Current estimates of the number of Somali immigrants living in the United States vary ranging from 35,760 to 150,000 persons. 2010 American Community Survey data indicates that there are 85,700 people with Somali ancestry in the US. Of those, around 25,000 or one third live in Minnesota. Nationwide, 76,205 were Somalia-born. Somali's are the largest Cushitic groups in the United States; the largest concentration of Somalia-born people in the United States is in the Minneapolis-St. Paul-Bloomington area of Minnesota; the next largest concentrations of Somalis are in Columbus, Seattle, San Diego-Carlsbad-San Marcos in California, Washington, D. C.-Arlington-Alexandria in the Virginia-D. C. area, Atlanta-Sandy Springs-Marietta in Georgia, Phoenix-Mesa-Glendale in Arizona, Portland-Vancouver-Hillsboro in Oregon, Nashville-Davidson-Murfreesboro-Franklin in Tennessee, Boston-Cambridge-Quincy in Massachusetts, other areas. In 2014, the Minneapolis City Council passed a resolution marking July 1 as Somali American Day.

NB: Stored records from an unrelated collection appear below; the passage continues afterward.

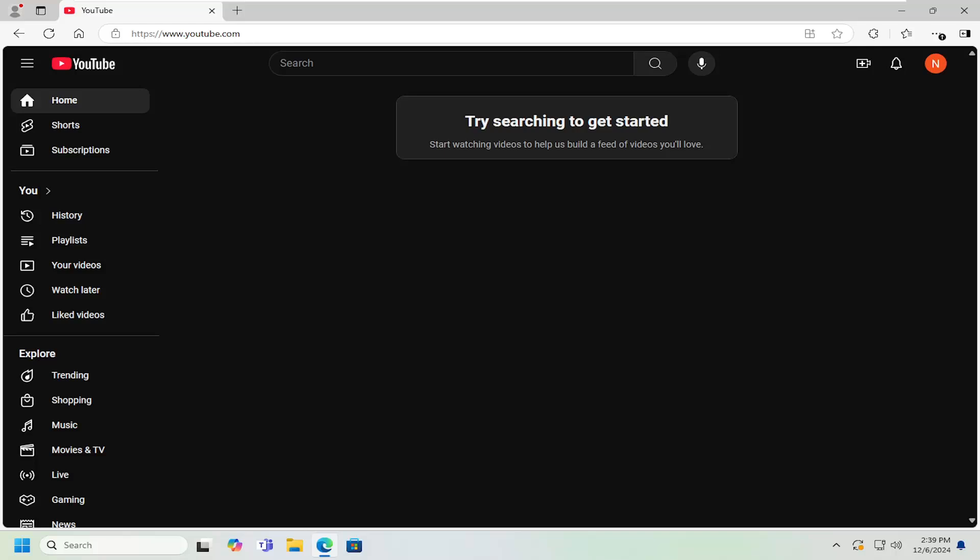I'm going to show you guys how to upload an unlisted video that you can then change your visibility settings to later. And without further ado, let's go ahead and jump right into it.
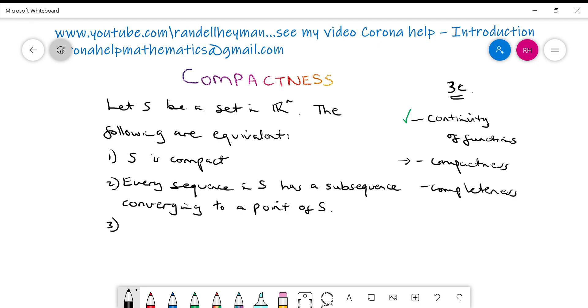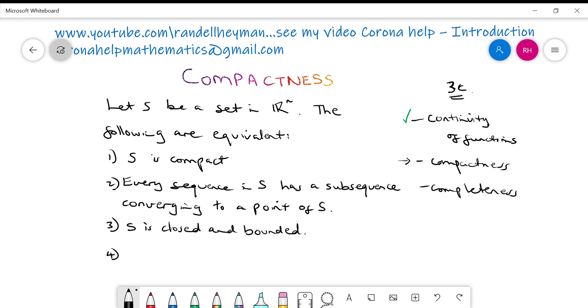Three, this is coming. S is closed and bounded. So we've talked about closed sets. We've talked about bounded sets. And in the previous few videos, we've talked about sequences and subsequences. The hardest one is this one, which talks about covers, which we just did.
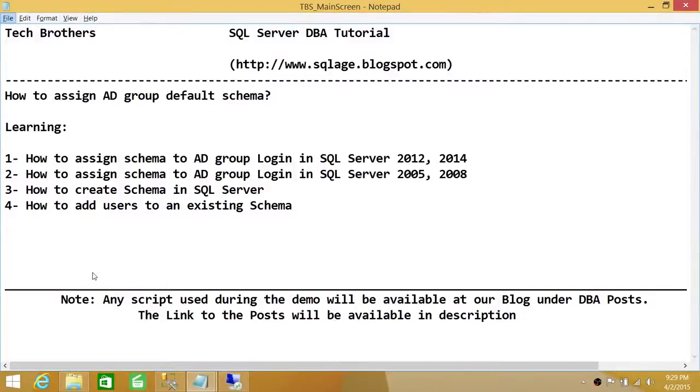Welcome to Tech Brothers. In this video, we're going to learn how to assign an Active Directory group default schema when you create an Active Directory group in SQL Server as a login.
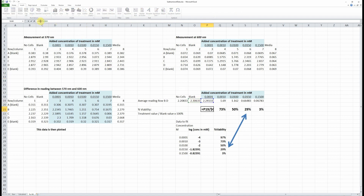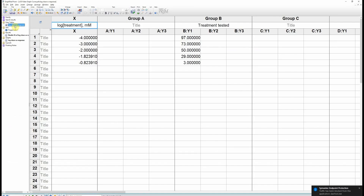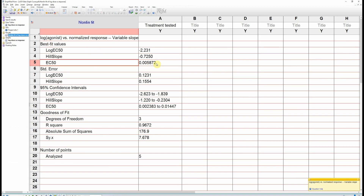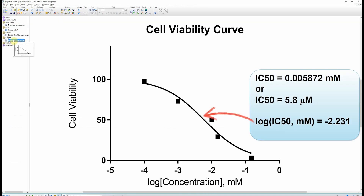Plot the log of the concentration versus the percentage viability and fit to a sigmoidal curve. The concentration at the point of inflection is your IC50. You can get more information on our website. The Open Data Fit team thanks you for watching and we hope you found this video useful.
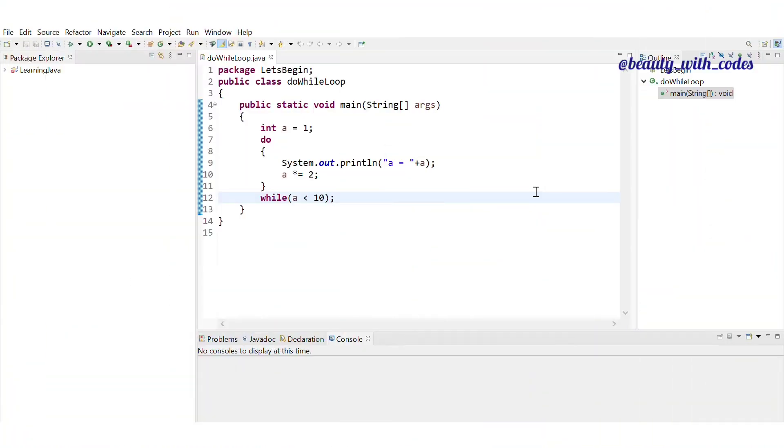So guys, in today's video, we are going to see about do-while loop and this is the third and last loop in the Java language and this is the least used.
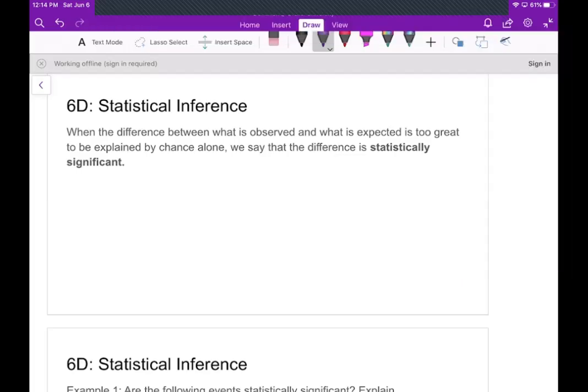Welcome. Today we're going to talk about statistical inference. What do we mean by statistical inference? It's when we find that the difference between what is observed and what is expected is too big to be explained by just chance or coincidence alone. We say that the difference is statistically significant.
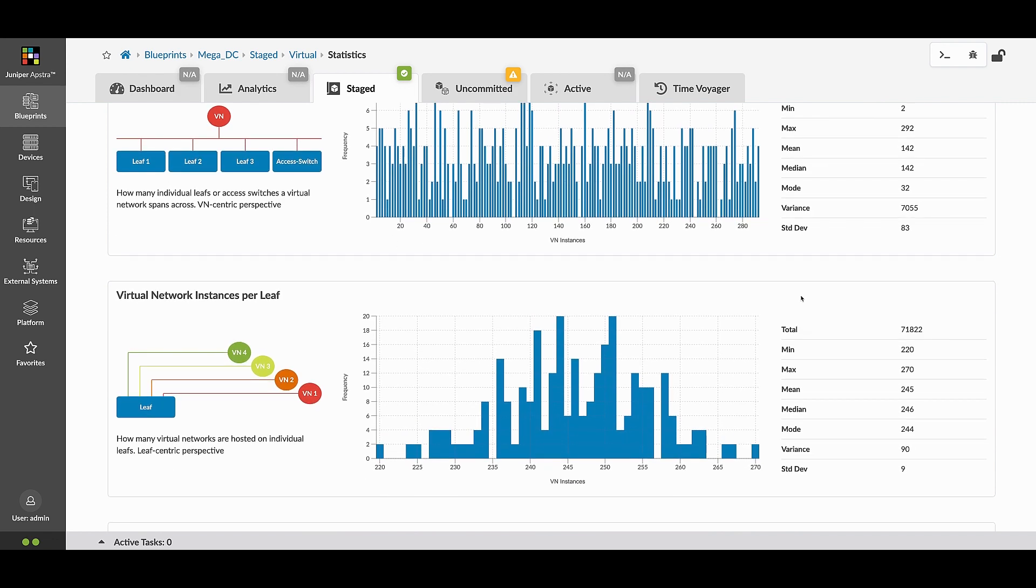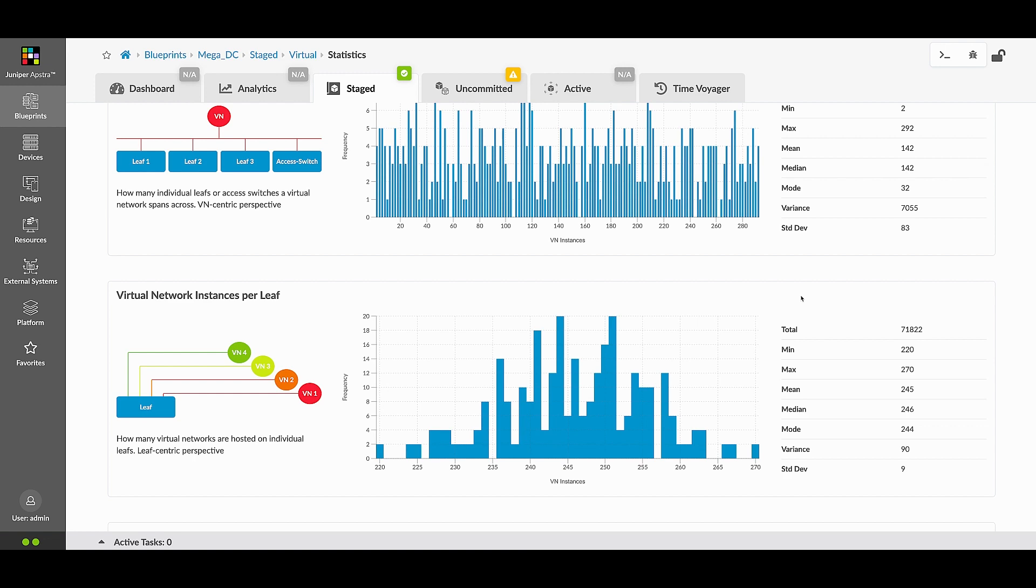Additionally, these histogram charts show the virtual network footprint across leaf and access switches. The data in these graphs visually indicate the distribution of VN elements across the entire infrastructure. One more way that Appstra helps avoid problems before they occur.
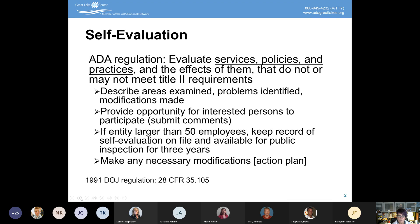There's a lot of changes that happened in the 2010 update to the regulations, so even if I had done my self-evaluation back in 1991, 1992, 1993, 1994, I still would need to go back and make sure I was current with the 2010 standards. The idea behind the self-evaluation is that you look at all your areas of programs, identify what problems exist, and determine what modifications you need to make. Make sure you provide opportunity for people to participate and submit public comments. The state of Ohio has greater than 50 employees, so you're required to keep your self-evaluation on file — that requirement originates from the 1991 regulations.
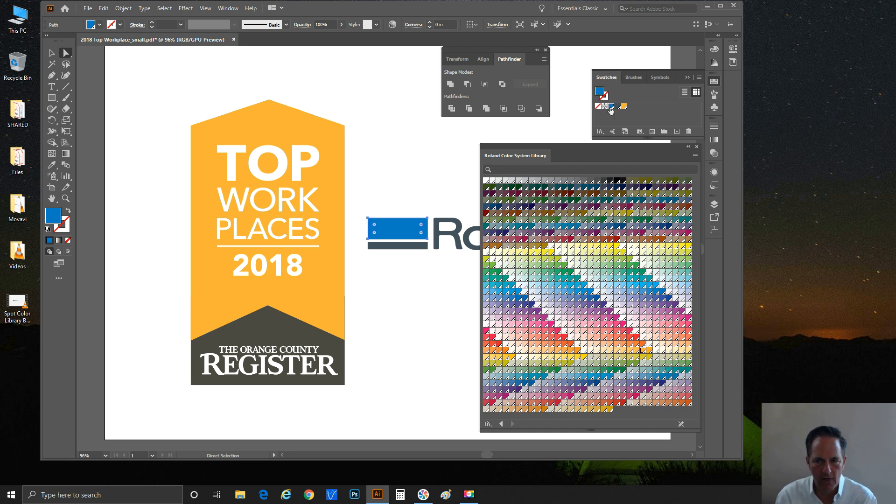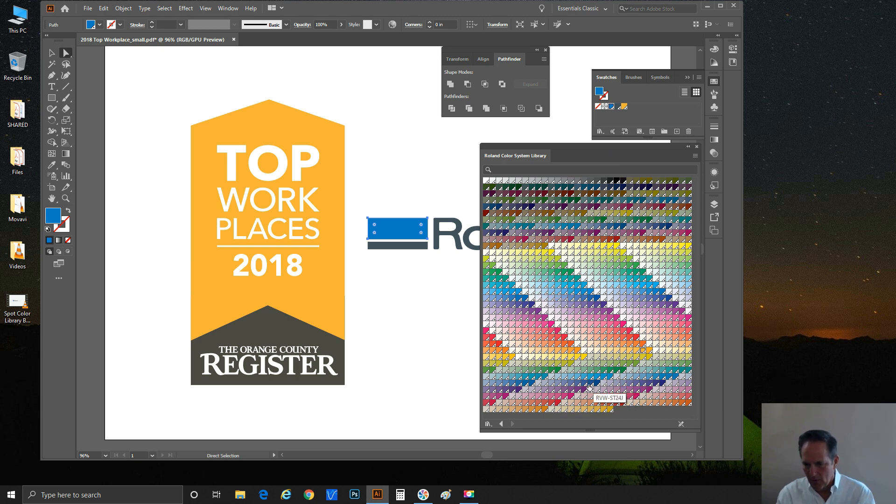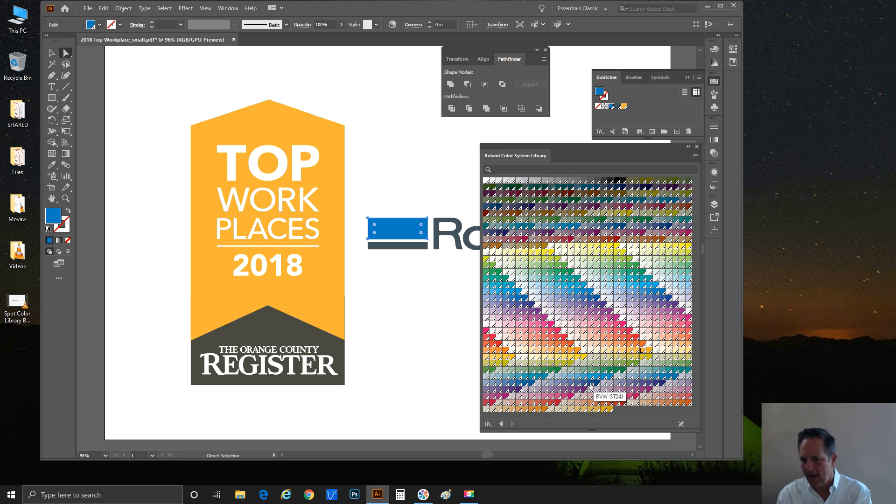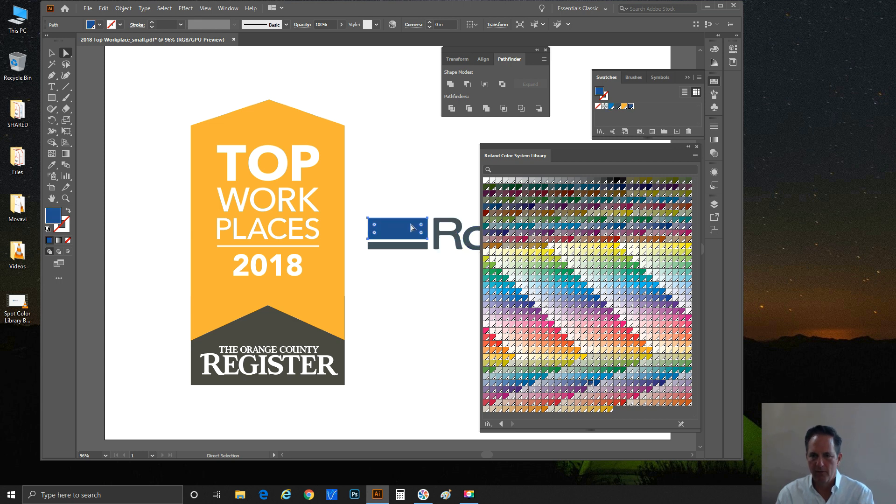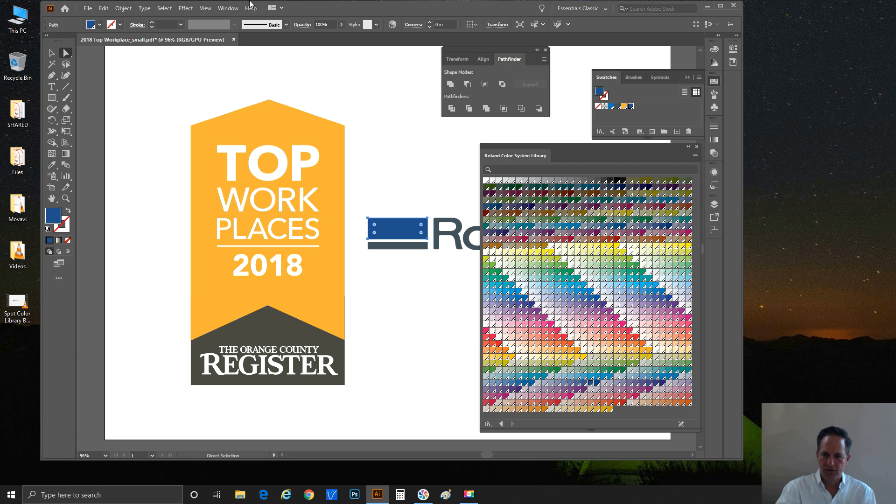Or if the client said, no, I really really like this one here—it was RVW-ST24J—so I click on that. There's the blue, it updated, and here it brought it into the Illustrator swatch library.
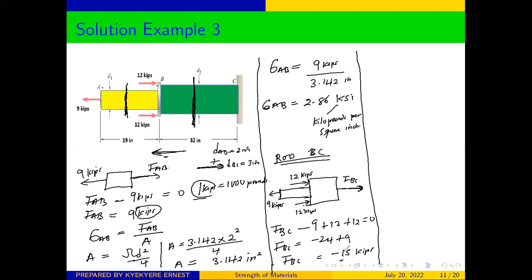F_BC will be equal to negative 15 kips. When the force is negative, it means we are going to get compressive stress.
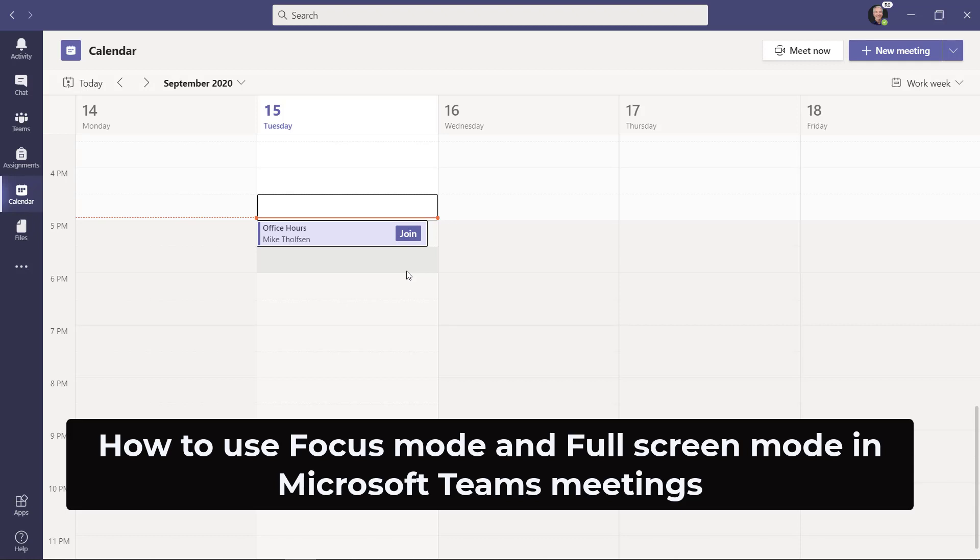I'll be showing how to use the focus feature and the full screen feature in Microsoft Teams meetings. Both of these features can help to focus on the content being presented and also block out any distractions during a Teams call.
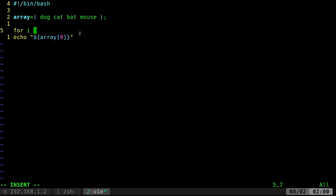I'm going to go with I, which I believe stands for integer. We're going to go through each one of these things. And we're going to say in here, we're going to give it our array, which was array. And inside our square brackets, instead of giving it the number, we're going to say at symbol, which just means display all.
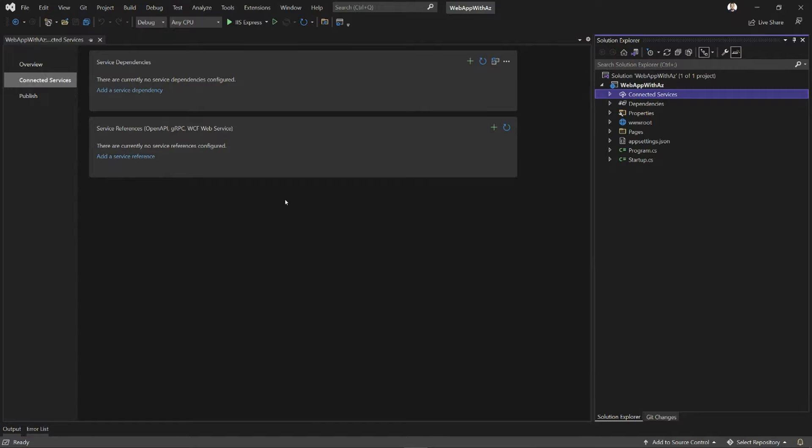The bottom part is called Service References, and that helps me connect my application to OpenAPI, gRPC, and WCF endpoints. We're not going to spend time on that today. We're going to focus on the top part, which is Service Dependencies. That helps me connect to Azure services and SQL Server.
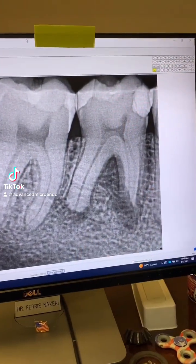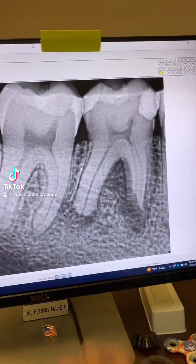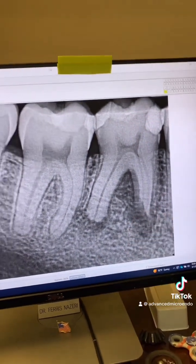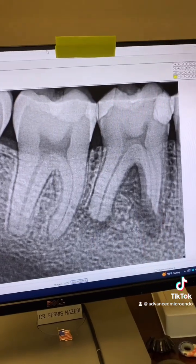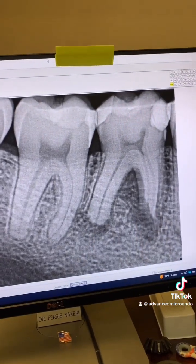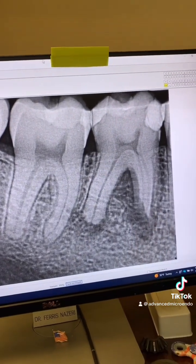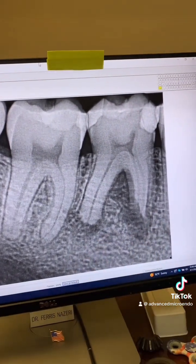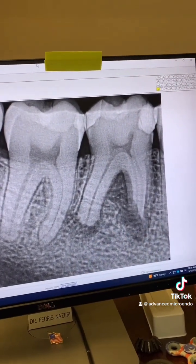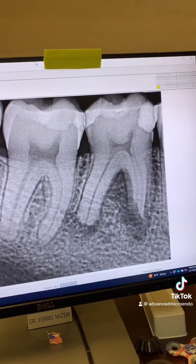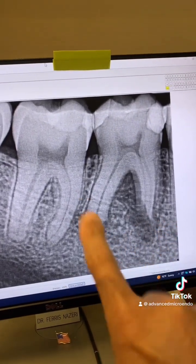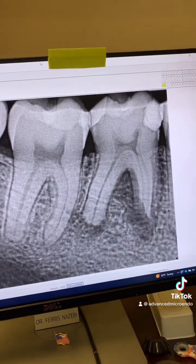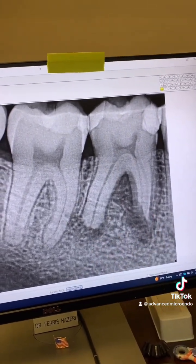Check this out. This patient was referred to me for endodontic treatment of tooth number 30. He was a wrestler — he's 18 years old now — and he said when he was younger he used to wrestle. I'm guessing trauma caused this.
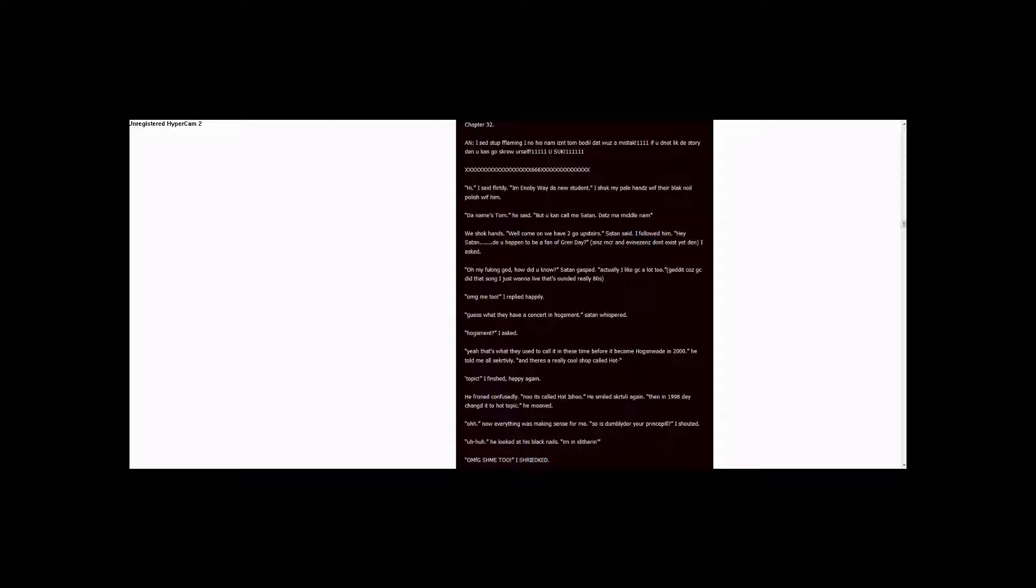Well, come on, we have to go upstairs, Satan said. I followed him. Hey, Satan. Do you happen to be a fan of Grande? Since MCR and Evanescence don't exist yet, then? I asked. Oh, my fucking God. How did you know? Satan gasped. Actually, I like GC a lot, too.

The event commemorates the Independence Day of Somalia, annually celebrated on the same day. The council approved a resolution making Minneapolis and Bosaso in northeastern Somalia sister cities. Additionally, the Federal Government of Somalia announced that it would start keeping count of Somalis abroad; the Somali community in the United States is represented by various Somali-run organizations. Somali Community Services in San Jose and the Somali American Council of Oregon on the west coast offer guidance to new Somali families and works with the municipal authorities to strengthen civic relations; the Somali Community Access Network is one of several groups serving Columbus' Somali community. In Minnesota, the Confederation of Somali Community in Minnesota, Somali American Parent Association, Somali Action Alliance offer various social services to the state's resident Somalis. Politically, a Somali American Caucus in the Minnesota Democratic–Farmer–Labor Party was formed to represent the Somali community.